Die Stadt Toulouse liegt in Südfrankreich am Fluss Garonne und ist heute mit ungefähr 1,3 Millionen Einwohnern (Metropolregion) die viertgrößte Stadt Frankreichs. Die Geschichte der Stadt lässt sich bis in das Jahr 106 v. Chr. zurückverfolgen, als aus dem damaligen Tolosa ein keltischer Goldschatz bei der Rückeroberung durch die Römer von ebenjenen geraubt wurde. Nach der Plünderung wurde Tolosa dem Römischen Reich einverleibt und schließlich zur Hauptstadt der Provinz Gallia Narbonensis zwischen Mittelmeer und Atlantik. Anfang des vierten Jahrhunderts sollten die Westgoten, die besonders diese Provinz bevölkerten, gegen die römische Übermacht aufbegehren. Anschließend wurde sogar ein ganzes Reich nach Tolosa benannt – das Tolosanische Reich. Dieses Reich sollte zwar nicht einmal 100 Jahre bestehen, dennoch spiegelt es die Beziehung zwischen dem Weströmischen Reich und weiteren Reichen, bzw. Stammesgebieten in der Spätantike und im Frühmittelalter wider. Dieser kurz!-Artikel beschäftigt sich mit der Entstehung, der Expansion und dem Niedergang des Tolosanischen Reiches.

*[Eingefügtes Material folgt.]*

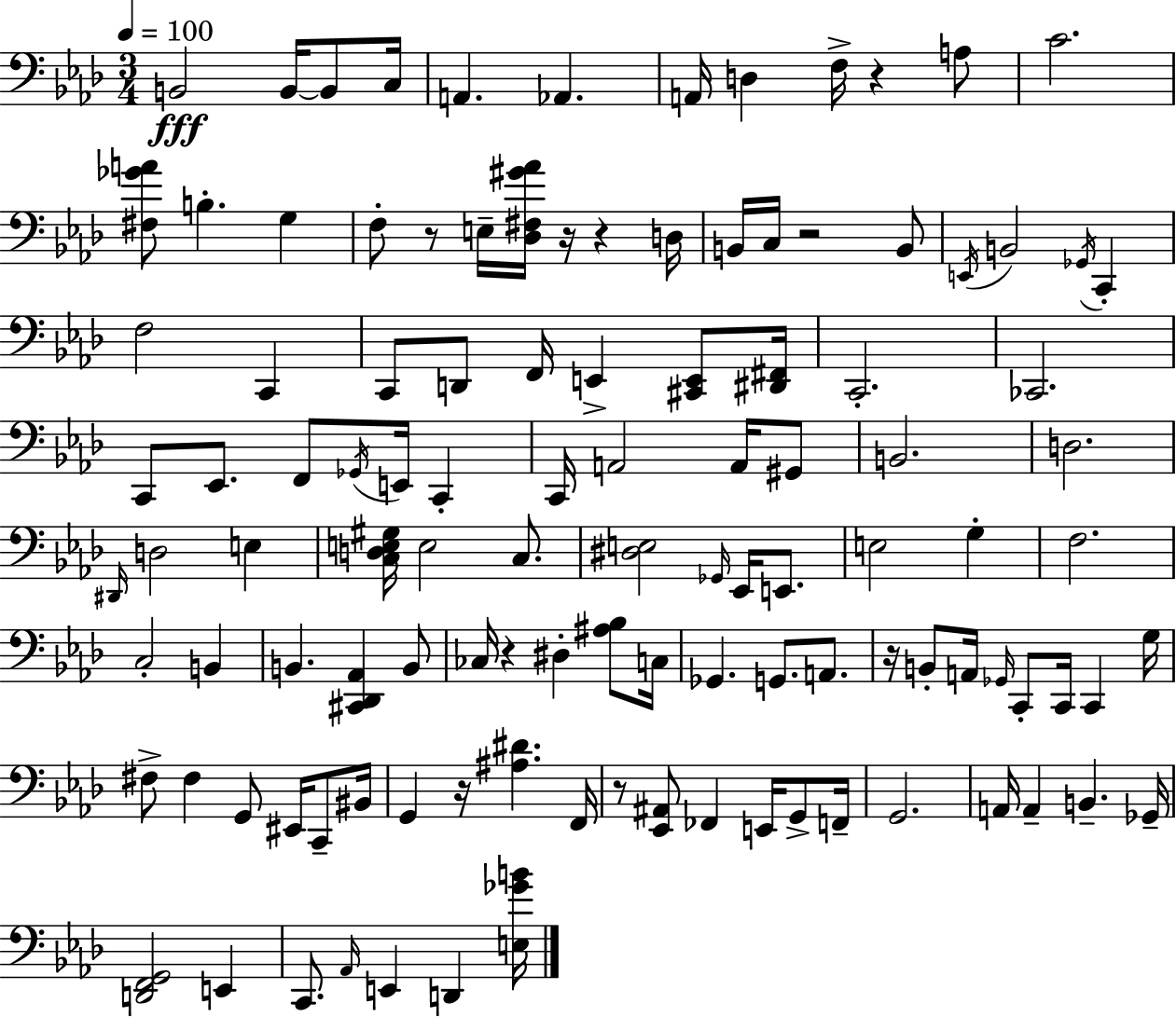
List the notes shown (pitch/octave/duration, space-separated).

B2/h B2/s B2/e C3/s A2/q. Ab2/q. A2/s D3/q F3/s R/q A3/e C4/h. [F#3,Gb4,A4]/e B3/q. G3/q F3/e R/e E3/s [Db3,F#3,G#4,Ab4]/s R/s R/q D3/s B2/s C3/s R/h B2/e E2/s B2/h Gb2/s C2/q F3/h C2/q C2/e D2/e F2/s E2/q [C#2,E2]/e [D#2,F#2]/s C2/h. CES2/h. C2/e Eb2/e. F2/e Gb2/s E2/s C2/q C2/s A2/h A2/s G#2/e B2/h. D3/h. D#2/s D3/h E3/q [C3,D3,E3,G#3]/s E3/h C3/e. [D#3,E3]/h Gb2/s Eb2/s E2/e. E3/h G3/q F3/h. C3/h B2/q B2/q. [C#2,Db2,Ab2]/q B2/e CES3/s R/q D#3/q [A#3,Bb3]/e C3/s Gb2/q. G2/e. A2/e. R/s B2/e A2/s Gb2/s C2/e C2/s C2/q G3/s F#3/e F#3/q G2/e EIS2/s C2/e BIS2/s G2/q R/s [A#3,D#4]/q. F2/s R/e [Eb2,A#2]/e FES2/q E2/s G2/e F2/s G2/h. A2/s A2/q B2/q. Gb2/s [D2,F2,G2]/h E2/q C2/e. Ab2/s E2/q D2/q [E3,Gb4,B4]/s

Entwicklung des Westgotenreichs (rotorange: Ansiedlung der Westgoten in Aquitanien ab 418; orange und hellorange: Ausbreitung des Westgotenreiches bis 507); von 418 bis 507 Tolosanisches Reich / Quelle: https://upload.wikimedia.org/wikipedia/commons/thumb/d/d7/Visigothic_Kingdom.png/820px-Visigothic_Kingdom.png

Bevor das Tolosanische Reich als solches auf der Landkarte erschien, fanden zahlreiche blutige Auseinandersetzungen zwischen den Westgoten, die sich besonders im Südwesten Galliens angesiedelt hatten und anderen germanischen Stämmen sowie den Römern statt. Unter der Führung von Heerkönigen wie Alarich und Athaulf, versuchten die Westgoten zu expandieren und Gebiete zu gewinnen, doch stellte sich ein anhaltender Erfolg nicht ein. Dies zwang Wallia (rex der Westgoten von 415-418/19) dazu, ein Bündnis mit den übermächtigen Römern einzugehen, um nicht auch von ihnen vertrieben oder ausgelöscht zu werden. Damit läutete er die erste Phase des Tolosanischen Reiches als foederati, also nicht gleichberechtigte Verbündete, des Römischen Reiches ein, in der alle Formen der römischen Rechtspraxis und die lateinischen Herrschertitel nachgeahmt wurden. Als Gegenleistung für dieses Bündnis sollten die Westgoten fast zwei Jahre gegen die in Spanien eingedrungenen germanischen Gruppen (vermutlich überwiegend Vandalen) kämpfen. Nach Abschluss dieser Mission erhielten die Westgoten ein Gebiet zur Ansiedlung und Selbstversorgung, blieben aber zunächst dennoch abhängig vom Weströmischen Reich, auch wenn ihre Regionalherrschaft autonom war. Trotz dieses vermeintlichen Bündnisses konnten die Ziele und Vorstellungen beider Seiten kaum unterschiedlicher sein: Während man sich in Rom erhoffte, dass das Tolosanische Reich als Puffer und Feindabwehr dienen werde, strebten dessen Herrscher nach Expansion, sicheren Einkünften und einer größeren Machtfülle, um unabhängig von Rom regieren und agieren zu können.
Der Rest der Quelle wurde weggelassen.